Rain conditions would have implications on (naturally-provided) watering... so it may be that the app recommends a plant which shouldn't be watered regularly, to be placed in a location which attracts a lot of rain? Section 2.3.2 mentions that a consulted 'bioscience researcher whom we consulted confirmed that the conditions listed in the previous section are largely sufficient to serve as the basis for the plant recommendation'. This is not sufficient for this reader-can this bioscience researcher be named and quoted, and can they recommend peer-reviewed sources to back this up? (NB this comments in section 2.3.2 should appear inside Section 2.3.1, alongside where the factors are presented, to justify what factors are chosen and what factors are ignored).
A lot of the factors e.g. sunlight, temperature, change over time. I cannot see any description of how such changes are taken into account. What if the app is used on a day that is unusually cold, or uncharacteristically cloudy?
I'd also like to understand more about how the data generated for this app is following principles of Linked Data (beyond the generation stage). What other datasets are linked to? (apart from correlation to DBpedia and use of DBpedia terms) To what extent is existing LOD collected in generation, or linked to from the GTC dataset? I suspect there to be no significant links out to other datasets, raising the question of why the generated data isn't supplemented by links to other datasets.
In Section 2.2.1, the authors discuss how plain text is mined to generate SPO triples from the identification of in the text. Is NLP used to identify subjects, verbs and objects? If not, how are triples identified from (e.g.) is of constructions? Also, what if a sentence makes statements that describe many different properties, or for multiple subjects/objects? How are these retrieved, if the sentence is only parsed twice?

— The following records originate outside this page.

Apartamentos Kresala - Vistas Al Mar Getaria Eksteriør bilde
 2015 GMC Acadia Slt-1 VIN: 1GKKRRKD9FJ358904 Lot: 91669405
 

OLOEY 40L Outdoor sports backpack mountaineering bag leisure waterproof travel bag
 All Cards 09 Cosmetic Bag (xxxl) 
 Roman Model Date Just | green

The application seems very Japan-centric, e.g. with data generation (beyond the crawl of DBpedia) focused on 100 plants found in Japan, or use of Japan Meteorological Agency data. While this is not a criticism, the paper should be clearer on this point.
As a small point, it seems strange when papers have the related work section at the end of the paper, instead of as an introduction to the choices made in the research. On a rather larger related point, I do not see why AGROVOC's vocabulary was not extended as the base vocabulary for this work. It seems highly relevant.
It's a good idea to use some measure of reliability for the sourced data during the LOD generation, but PageRank is not an ideal measure for pages with lower impact or newer pages.
In conclusion - this paper contains an interesting idea and some practical findings of note, but there are limitations introduced by design decisions that are not sufficiently acknowledged by the authors.
Perhaps this paper should be aimed at a different journal, as the Semantic Web content doesn't seem strong enough.
|